* **Records for the exercise**
-*-
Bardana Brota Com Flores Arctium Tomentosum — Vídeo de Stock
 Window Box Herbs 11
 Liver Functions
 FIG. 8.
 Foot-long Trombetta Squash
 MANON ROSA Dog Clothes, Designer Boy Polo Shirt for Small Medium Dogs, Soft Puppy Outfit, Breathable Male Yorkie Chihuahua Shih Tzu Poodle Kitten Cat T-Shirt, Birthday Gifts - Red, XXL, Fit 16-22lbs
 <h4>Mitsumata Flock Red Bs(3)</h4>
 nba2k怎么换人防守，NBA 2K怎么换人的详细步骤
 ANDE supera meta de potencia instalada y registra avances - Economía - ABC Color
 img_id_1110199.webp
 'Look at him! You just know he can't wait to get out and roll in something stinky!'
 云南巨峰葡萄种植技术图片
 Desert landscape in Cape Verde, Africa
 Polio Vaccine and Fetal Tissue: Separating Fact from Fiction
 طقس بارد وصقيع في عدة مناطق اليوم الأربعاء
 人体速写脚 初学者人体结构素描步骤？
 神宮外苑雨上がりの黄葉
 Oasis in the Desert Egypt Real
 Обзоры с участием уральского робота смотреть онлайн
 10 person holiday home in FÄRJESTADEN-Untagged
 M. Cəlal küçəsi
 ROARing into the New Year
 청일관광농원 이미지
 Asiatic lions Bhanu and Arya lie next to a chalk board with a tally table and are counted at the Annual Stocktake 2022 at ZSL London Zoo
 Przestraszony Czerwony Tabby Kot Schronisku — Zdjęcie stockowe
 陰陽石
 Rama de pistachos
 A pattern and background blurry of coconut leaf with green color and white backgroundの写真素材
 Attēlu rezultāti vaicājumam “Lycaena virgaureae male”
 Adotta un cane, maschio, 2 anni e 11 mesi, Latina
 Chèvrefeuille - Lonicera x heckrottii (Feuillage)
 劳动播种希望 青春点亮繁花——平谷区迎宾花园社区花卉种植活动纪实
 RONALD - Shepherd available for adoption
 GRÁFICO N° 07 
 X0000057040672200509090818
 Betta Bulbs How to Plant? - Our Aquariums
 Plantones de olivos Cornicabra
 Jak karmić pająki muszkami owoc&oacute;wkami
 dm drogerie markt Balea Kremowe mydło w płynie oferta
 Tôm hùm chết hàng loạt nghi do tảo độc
-*-
* **Work order**
Print each line, exactly as written, from the one that contains "dm drogerie markt" to the end of the data above, with both end lines included and nothing else.

* **Result below**
 dm drogerie markt Balea Kremowe mydło w płynie oferta
 Tôm hùm chết hàng loạt nghi do tảo độc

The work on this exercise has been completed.